Appellant relies upon the cases of Baxter v. United States, 188 F.2d 119 (C.A. 6); Lee v. United States, 232 F.2d 354 (C.A.D.C.); and Weaver v. United States, 295 F.2d 360 (C.A. 5). These cases are not in point because they all involved searches made on private property which was a part of the curtilage. In the case at bar the automobile of appellant was parked on property which was open and vacant except for a carport type of shed, no part of which was being used as a residence or dwelling, situated across the street from the residence of Holmes, and was not a part of the curtilage. United States v. Potts, 297 F.2d 68 (C.A. 6). We hold that the search conducted on such property upon probable cause without a search warrant was not unreasonable.

10

We further hold that the search and arrest made in this case does not violate Rule 41(c) of the Federal Rules of Criminal Procedure, which applies to situations where the officer obtains a search warrant, and not to searches made without a warrant.

11

Finally, appellant contends that a general exploratory search was made, that the entire search was void and that the evidence procured thereby was inadmissible, relying upon United States v. Lefkowitz, 285 U.S. 452, 52 S. Ct. 420, 76 L. Ed. 877. The record in the case at bar does not disclose a general exploratory search, but a search for specific contraband, that is, untaxed moonshine whiskey, in a parked automobile, made upon probable cause. We find that the search of the shed was made subsequent to the arrest, and therefore was a search incident to a lawful arrest. Draper v. United States, 358 U.S. 307, 79 S. Ct. 329, 3 L. Ed. 2d 327; United States v. Rabinowitz, 339 U.S. 56, 70 S. Ct. 430, 94 L. Ed. 653; Agnello v.

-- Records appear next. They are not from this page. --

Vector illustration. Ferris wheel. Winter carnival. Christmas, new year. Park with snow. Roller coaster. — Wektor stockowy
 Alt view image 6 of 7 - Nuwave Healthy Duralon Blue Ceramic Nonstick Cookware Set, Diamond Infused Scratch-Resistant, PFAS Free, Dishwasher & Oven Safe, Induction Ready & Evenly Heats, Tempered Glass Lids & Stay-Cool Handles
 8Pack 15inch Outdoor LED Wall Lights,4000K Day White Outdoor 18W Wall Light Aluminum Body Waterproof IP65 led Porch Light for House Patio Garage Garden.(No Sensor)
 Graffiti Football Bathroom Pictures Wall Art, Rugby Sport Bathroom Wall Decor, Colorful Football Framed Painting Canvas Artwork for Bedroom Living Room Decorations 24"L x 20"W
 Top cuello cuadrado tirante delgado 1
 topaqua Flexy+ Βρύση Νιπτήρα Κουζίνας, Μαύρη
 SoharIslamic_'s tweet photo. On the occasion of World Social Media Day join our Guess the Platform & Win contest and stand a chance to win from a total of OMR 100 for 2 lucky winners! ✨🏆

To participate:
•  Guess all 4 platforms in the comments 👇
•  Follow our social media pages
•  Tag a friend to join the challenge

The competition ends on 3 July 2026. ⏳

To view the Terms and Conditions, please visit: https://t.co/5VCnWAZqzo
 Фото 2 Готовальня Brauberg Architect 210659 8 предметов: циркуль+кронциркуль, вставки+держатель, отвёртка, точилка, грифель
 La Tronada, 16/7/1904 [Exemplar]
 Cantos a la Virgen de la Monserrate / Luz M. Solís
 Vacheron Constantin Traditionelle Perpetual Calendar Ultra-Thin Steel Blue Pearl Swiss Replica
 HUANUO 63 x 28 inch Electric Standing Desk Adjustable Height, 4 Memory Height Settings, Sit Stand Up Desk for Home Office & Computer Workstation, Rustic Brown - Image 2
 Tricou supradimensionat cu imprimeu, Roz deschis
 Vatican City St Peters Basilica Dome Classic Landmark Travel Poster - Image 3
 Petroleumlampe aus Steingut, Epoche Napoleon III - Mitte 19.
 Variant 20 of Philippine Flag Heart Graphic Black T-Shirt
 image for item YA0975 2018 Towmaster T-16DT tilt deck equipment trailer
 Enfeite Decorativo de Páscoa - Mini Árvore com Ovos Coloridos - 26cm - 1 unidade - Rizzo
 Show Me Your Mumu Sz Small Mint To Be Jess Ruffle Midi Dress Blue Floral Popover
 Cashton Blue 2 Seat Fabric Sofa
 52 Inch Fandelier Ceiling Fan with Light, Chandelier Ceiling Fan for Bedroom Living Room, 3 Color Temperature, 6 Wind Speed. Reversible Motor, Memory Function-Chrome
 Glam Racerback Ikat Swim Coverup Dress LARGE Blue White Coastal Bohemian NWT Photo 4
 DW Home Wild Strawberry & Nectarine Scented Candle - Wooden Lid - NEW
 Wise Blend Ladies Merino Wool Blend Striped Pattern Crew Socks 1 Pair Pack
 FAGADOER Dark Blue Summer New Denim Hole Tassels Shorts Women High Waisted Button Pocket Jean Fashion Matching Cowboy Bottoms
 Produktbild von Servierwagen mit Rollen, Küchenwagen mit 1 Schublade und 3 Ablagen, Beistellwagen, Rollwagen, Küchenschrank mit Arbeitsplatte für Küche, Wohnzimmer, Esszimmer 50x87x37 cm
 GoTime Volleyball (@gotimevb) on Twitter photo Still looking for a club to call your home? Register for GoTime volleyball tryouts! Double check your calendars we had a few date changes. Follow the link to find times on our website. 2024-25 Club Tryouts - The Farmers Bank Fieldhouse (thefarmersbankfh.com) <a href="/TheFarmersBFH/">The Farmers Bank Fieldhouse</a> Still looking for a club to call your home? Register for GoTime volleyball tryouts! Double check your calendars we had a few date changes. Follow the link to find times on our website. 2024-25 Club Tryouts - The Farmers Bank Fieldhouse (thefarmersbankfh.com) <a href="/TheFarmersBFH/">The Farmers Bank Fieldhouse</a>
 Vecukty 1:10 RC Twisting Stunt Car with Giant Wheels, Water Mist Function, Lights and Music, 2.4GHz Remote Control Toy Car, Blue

United States, 269 U.S. 20, 46 S. Ct. 4, 70 L. Ed. 145.

12

Appellant further complains of a subsequent search of the automobile owned by Holmes, which was parked on the street, and the residence of Holmes, which was situated across the street from the property where appellant's car was parked. No whiskey was found either in the Holmes automobile or the Holmes residence, and no evidence procured from the search thereof was used against appellant in this proceeding. We hold that appellant was not a "person aggrieved by an unlawful search and seizure" within the meaning of Rule 41 (e) of the Federal Rules of Criminal Procedure and therefore has no standing to raise a question as to the constitutionality of the search of the Holmes automobile and residence. Jones v. United States, 362 U.S. 257, 80 S. Ct. 725, 4 L. Ed. 2d 697.

13

In our opinion there was no error on the part of the District Judge in overruling the motion to suppress and in finding appellant guilty as charged. The judgment of conviction is affirmed.